Weighted Least Squares - Categorical Data vs. Numerical Data

322 Views Asked by At

Over on Stackoverflow, I am trying calculate the Weighted Least Squares (WLS) of a data set in a python library called Numpy as compared to using a library called Statsmodels. However, I noticed something very mysterious.

I have discovered that computing the WLS on numerical data vs. categorical data yields a completely different line of best fit. I understand that in the categorical example of male vs. female, with the values zero (0) and one (1) being assigned respectively, it is wrong to compare the dummy variables of the male and female category groups (e.g. male < female because 0 < 1) as we could have chosen any numbers for these groups, but...

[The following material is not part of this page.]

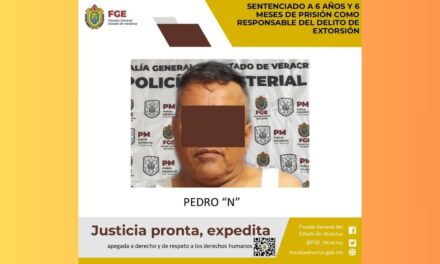 Tantoyuca: 6 años y 6 meses de prisión por el delito de extorsión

How does the math change? Why do you get a different line of best fit when just treating everything as numerical data than when having categorical data?

As reported here on slide 2, the WLS estimates for the parameters of the line of best fit are found by minimizing the weighted Residual Sum of Squares (RSS):

$$\sum_{i=1}^{n} w_i(y_i-[\beta_0+\beta_1*x_i])^2 \\ parameters=\beta_0,\beta_1 \\ weights=\vec{w} \\ input=\vec{x} \\ output=\vec{y}$$

How does this change with categorical data? I am extremely confused about the math behind including categorical data in the calculations. Does anyone have any thoughts on this?